Download or read book Applied Data Analysis and Modeling for Energy Engineers and Scientists written by T. Agami Reddy and published by Springer Nature. This book was released on 2023-10-18 with total page 622 pages. Available in PDF, EPUB and Kindle. Book excerpt: Now in a thoroughly revised and expanded second edition, this classroom-tested text demonstrates and illustrates how to apply concepts and methods learned in disparate courses such as mathematical modeling, probability, statistics, experimental design, regression, optimization, parameter estimation, inverse modeling, risk analysis, decision-making, and sustainability assessment methods to energy processes and systems.

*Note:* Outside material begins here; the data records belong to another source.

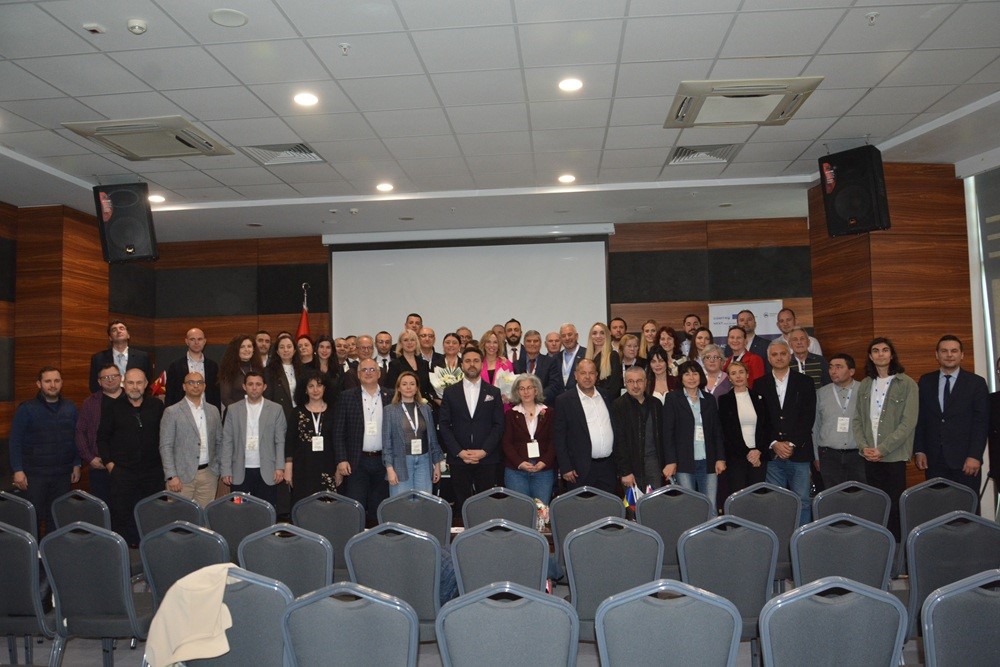 Diyalog uluslararası forum &Ccedil;orlu&rsquo;da yapıldı
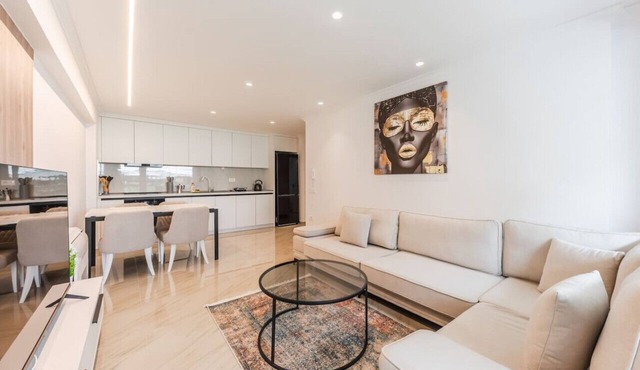 Kondo Stays - Mumba Apartment 1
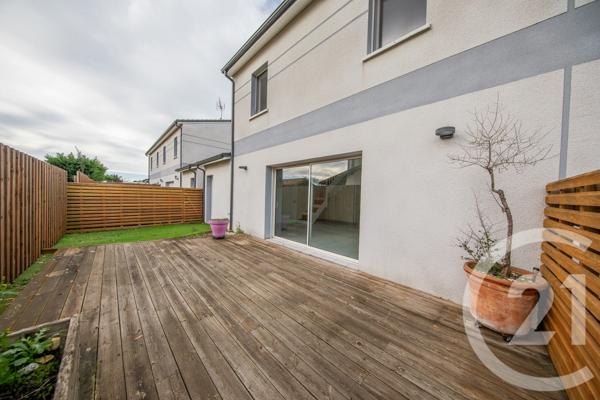 Maison à vendre  5 pièces - 87,10 m2 LE TAILLAN MEDOC - 33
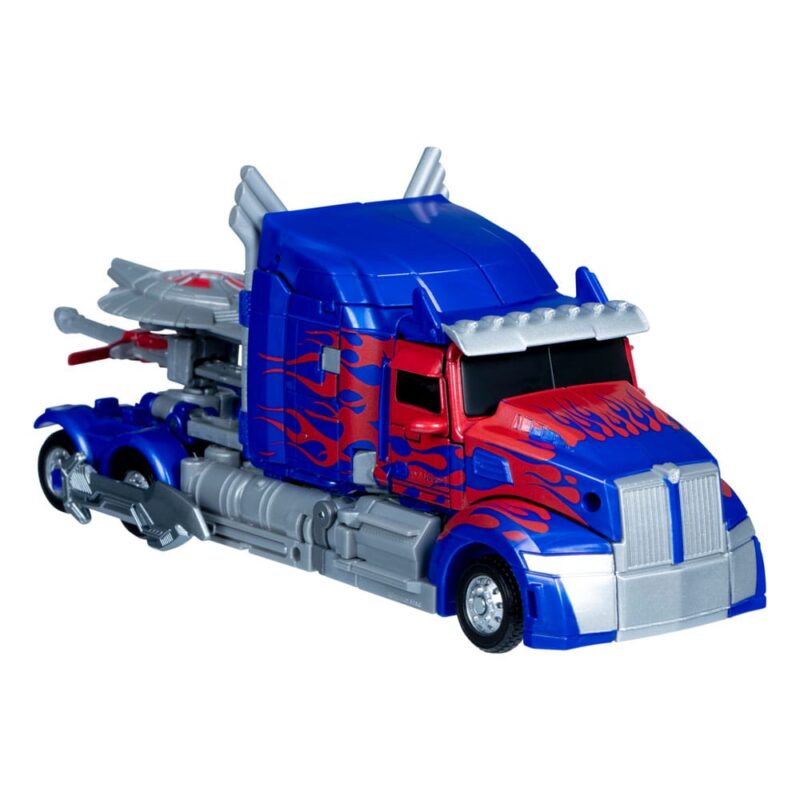 Transformers: Age of Extinction Studio Series Leader Class Action Figure Optimus Prime 21 cm - immagine 2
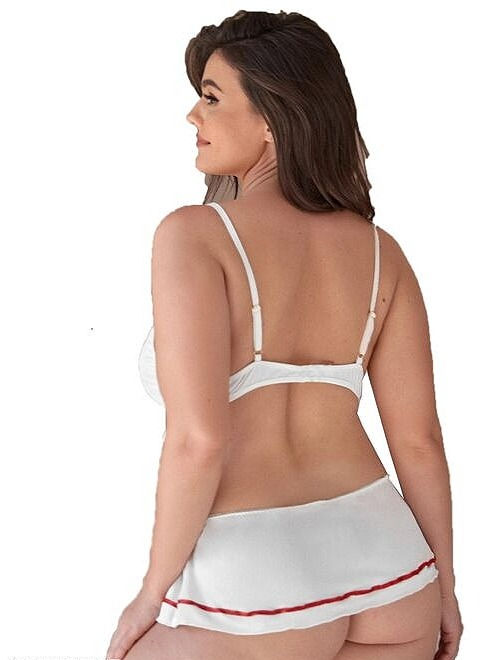 Thumbnail: Sexy Nurse Costume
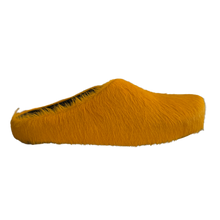Marni 'Gold' Sabot Slippers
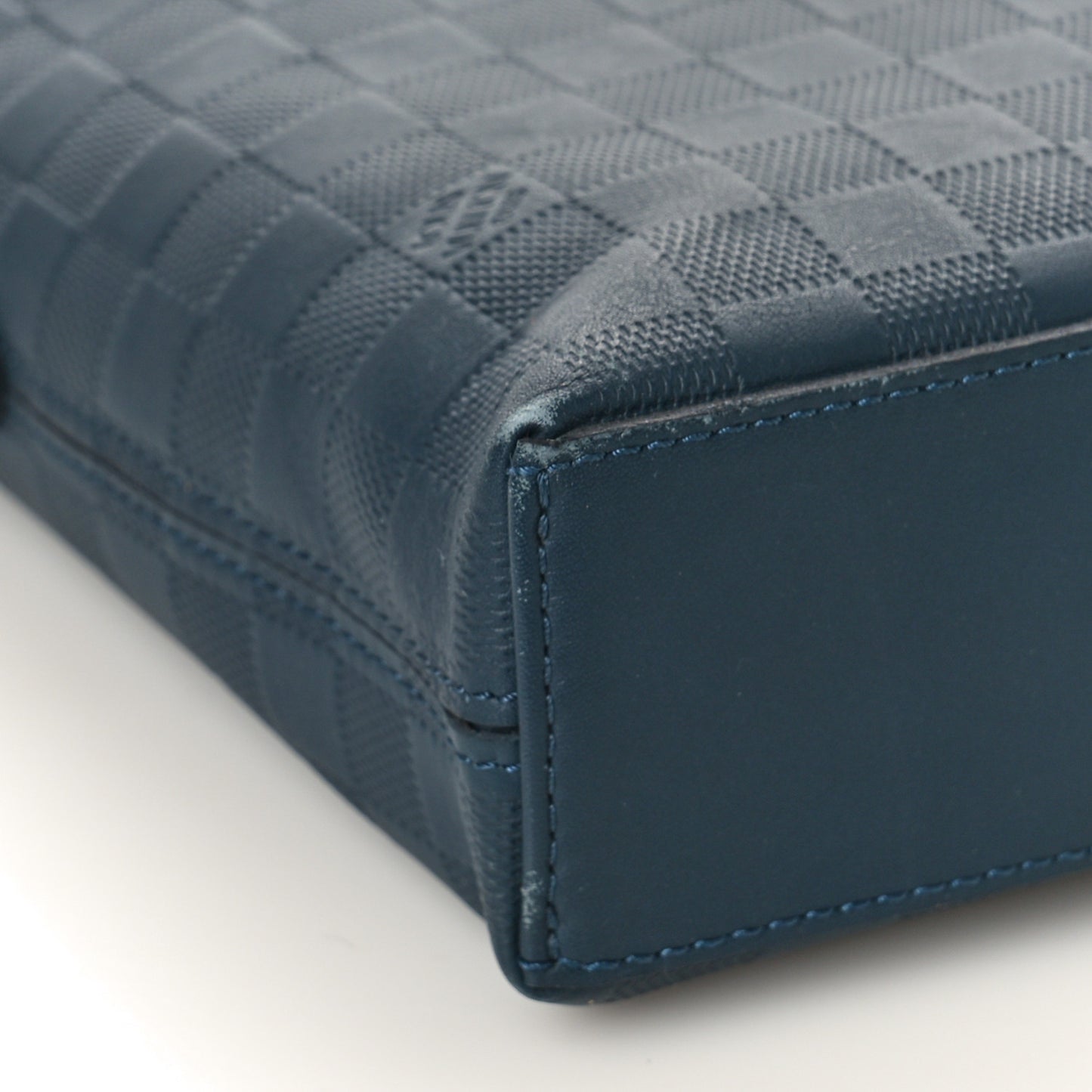 Damier Infini Porte-Documents Jour Briefcase Cosmos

It provides a formal structure that offers a broad and integrative perspective to enhance knowledge, skills, and confidence to work in applied data analysis and modeling problems. This new edition also reflects recent trends and advances in statistical modeling as applied to energy and building processes and systems. It includes numerous examples from recently published technical papers to nurture and stimulate a more research-focused mindset. How the traditional stochastic data modeling approaches are complemented by data analytic algorithmic models such as machine learning and data mining are also discussed. The important societal issues related to the sustainability of energy systems are presented, and a formal structure is proposed meant to classify the various assessment methods found in the literature. Applied Data Analysis and Modeling for Energy Engineers and Scientists is designed for senior-level undergraduate and graduate instruction in energy engineering and mathematical modeling, for continuing education professional courses, and as a self-study reference book for working professionals. In order for readers to have exposure and proficiency with performing hands-on analysis, the open-source Python and R programming languages have been adopted in the form of Jupyter notebooks and R markdown files, and numerous data sets and sample computer code reflective of real-world problems are available online.

Book ERDA Energy Research Abstracts

Download or read book ERDA Energy Research Abstracts written by United States. Energy Research and Development Administration and published by . This book was released on 1977 with total page 800 pages. Available in PDF, EPUB and Kindle. Book excerpt:

Book ERDA Energy Research Abstracts

Download or read book ERDA Energy Research Abstracts written by United States. Energy Research and Development Administration. Technical Information Center and published by . This book was released on 1977 with total page 982 pages. Available in PDF, EPUB and Kindle. Book excerpt:

Book EIA Publications Directory

Download or read book EIA Publications Directory written by and published by . This book was released on 1980 with total page 62 pages. Available in PDF, EPUB and Kindle. Book excerpt:

Book Data Driven Models Applied in Building Load Forecasting for Residential and Commercial Buildings

Download or read book Data Driven Models Applied in Building Load Forecasting for Residential and Commercial Buildings written by SM Mahbobur Rahman and published by . This book was released on 2015 with total page 98 pages. Available in PDF, EPUB and Kindle. Book excerpt: A significant portion of the operating costs of utilities comes from energy production. Machine learning methods are widely used for short-term load forecasts for commercial buildings and also the utility grid. These forecasts are used to minimize unit power production costs for the energy managers for better planning of power units and load management. In this work, three different state-of-art machine learning methods i.e. Artificial Neural Network, Support Vector Regression and Gaussian Process Regression are applied in hour ahead and 24 –hour ahead building energy forecasting. The work uses four residential buildings and one commercial building located in Downtown, San Antonio as test-bed using energy consumption data from those buildings monitored in real-time. Uncertainty quantification analysis is conducted to understand the confidence in each forecast using Bayesian Network. Using a combination of weather variables and historical load, forecasting is done in a supervised way based on a moving window training algorithm. A range of comparisons between different forecasting models in terms of relative accuracy are then presented.